Although the data below contains pictures, output only the lines between those holding "咖啡馆装修设计的黑白格调-4" and "Tukang Sol Sepatu", inclusive, exactly and without those pictures.

▸ ENTRIES PROVIDED
[Start of section]

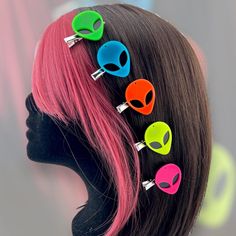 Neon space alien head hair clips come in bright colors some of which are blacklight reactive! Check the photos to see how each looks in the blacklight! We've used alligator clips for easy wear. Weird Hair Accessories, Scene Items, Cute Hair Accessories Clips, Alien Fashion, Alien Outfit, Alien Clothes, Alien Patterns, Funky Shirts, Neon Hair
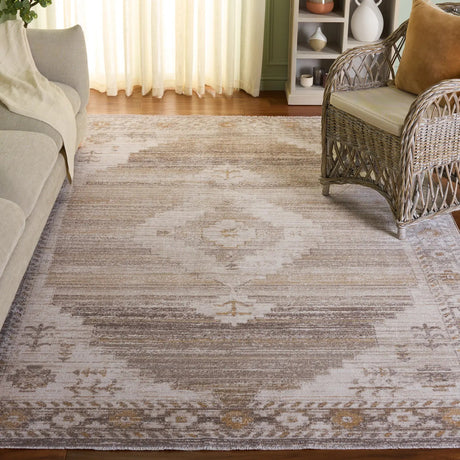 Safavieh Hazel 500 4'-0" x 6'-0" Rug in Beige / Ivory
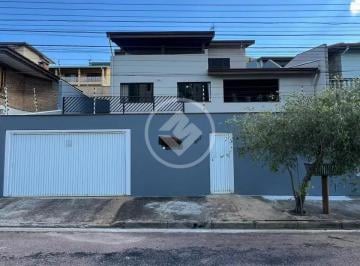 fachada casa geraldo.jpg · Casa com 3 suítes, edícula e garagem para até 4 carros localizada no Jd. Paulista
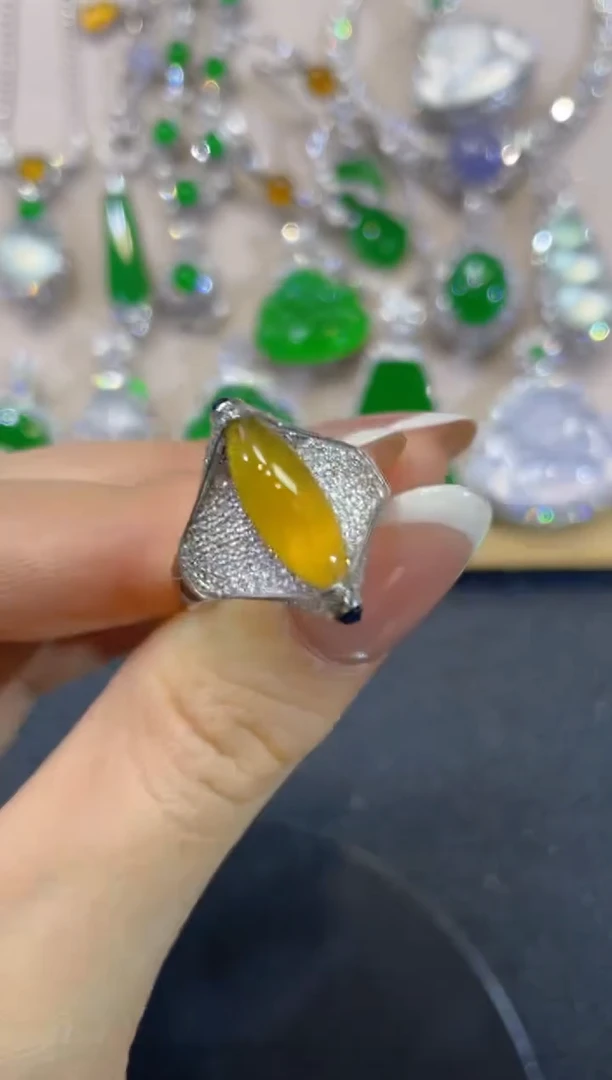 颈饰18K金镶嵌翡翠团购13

[End of section]
[Start of section]

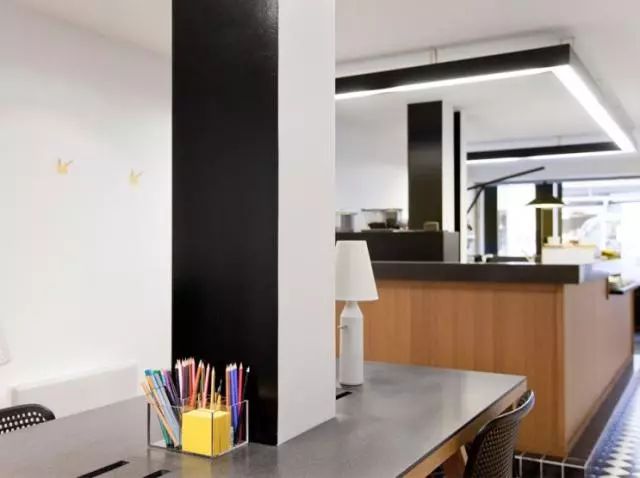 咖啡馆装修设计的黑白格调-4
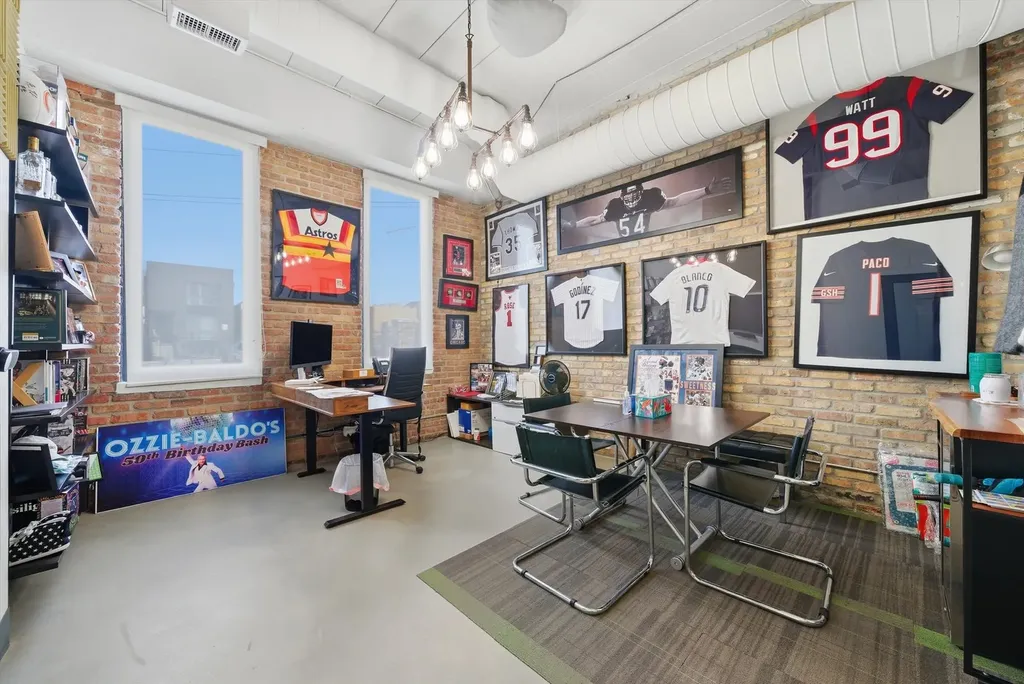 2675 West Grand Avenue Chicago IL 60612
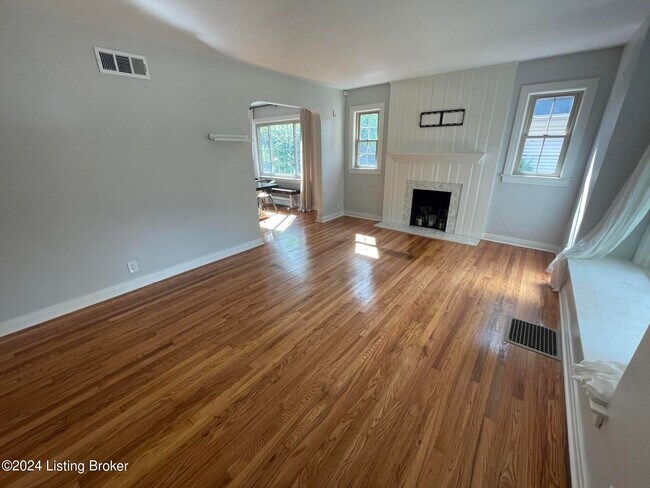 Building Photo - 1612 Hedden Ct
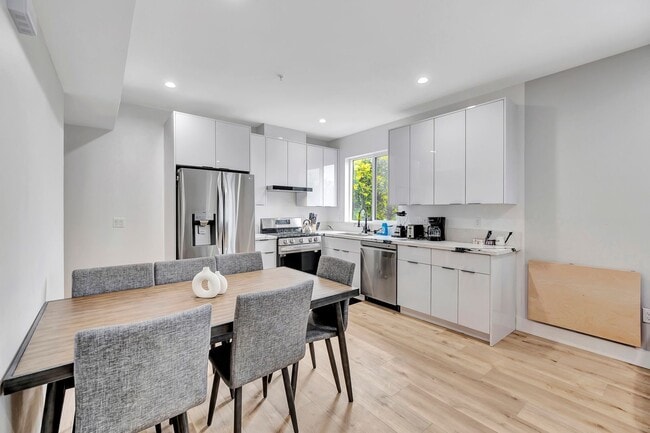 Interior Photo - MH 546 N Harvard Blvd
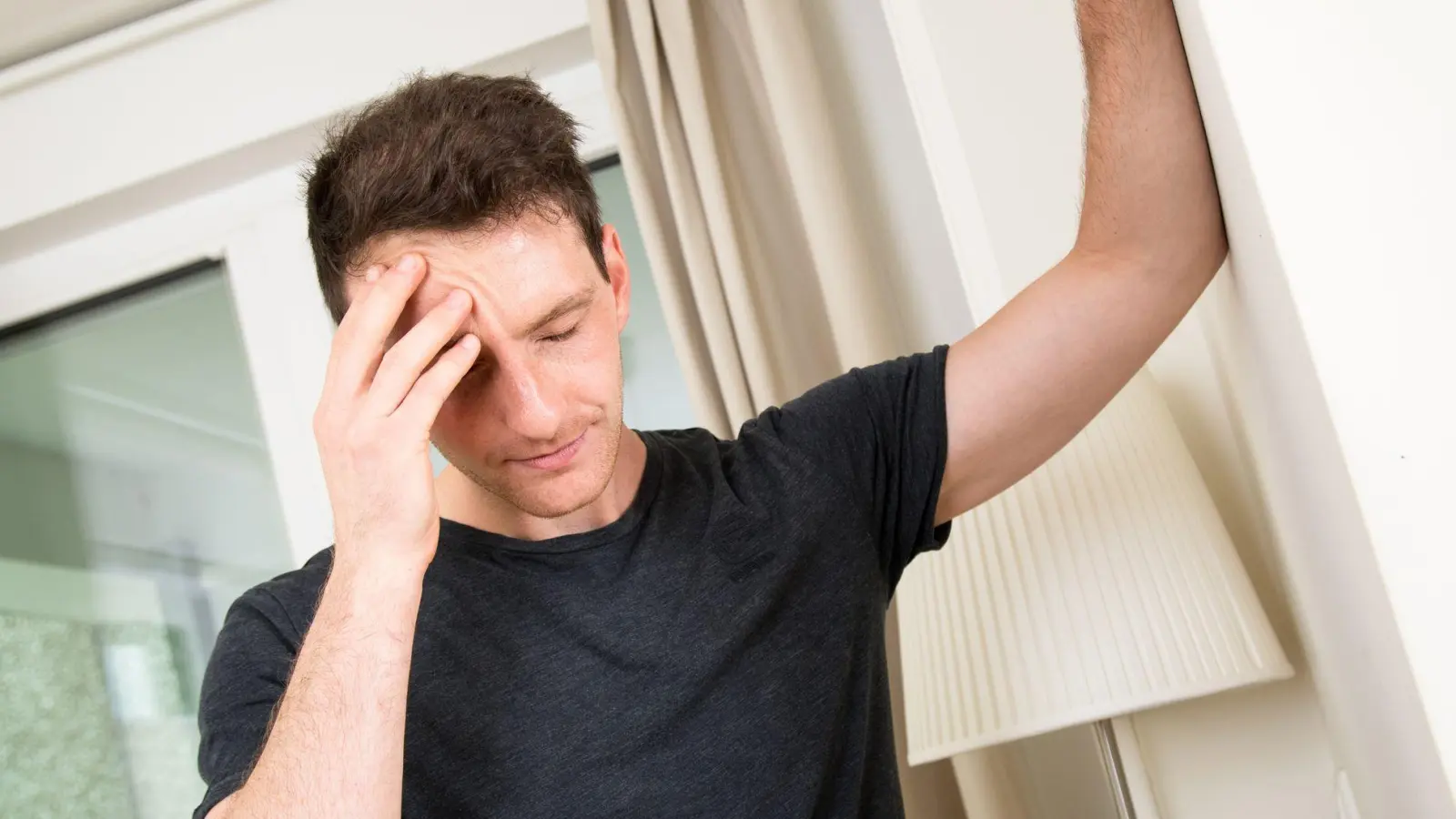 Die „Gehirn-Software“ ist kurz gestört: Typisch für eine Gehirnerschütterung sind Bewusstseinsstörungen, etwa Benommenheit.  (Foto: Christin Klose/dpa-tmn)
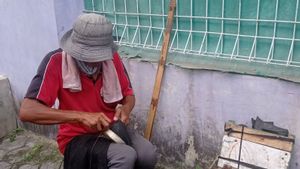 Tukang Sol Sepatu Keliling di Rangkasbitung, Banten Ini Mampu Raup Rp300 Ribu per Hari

[End of section]

▸ COMPLETED EXERCISE
 咖啡馆装修设计的黑白格调-4
 2675 West Grand Avenue Chicago IL 60612
 Building Photo - 1612 Hedden Ct
 Interior Photo - MH 546 N Harvard Blvd
 Die „Gehirn-Software“ ist kurz gestört: Typisch für eine Gehirnerschütterung sind Bewusstseinsstörungen, etwa Benommenheit.  (Foto: Christin Klose/dpa-tmn)
 Tukang Sol Sepatu Keliling di Rangkasbitung, Banten Ini Mampu Raup Rp300 Ribu per Hari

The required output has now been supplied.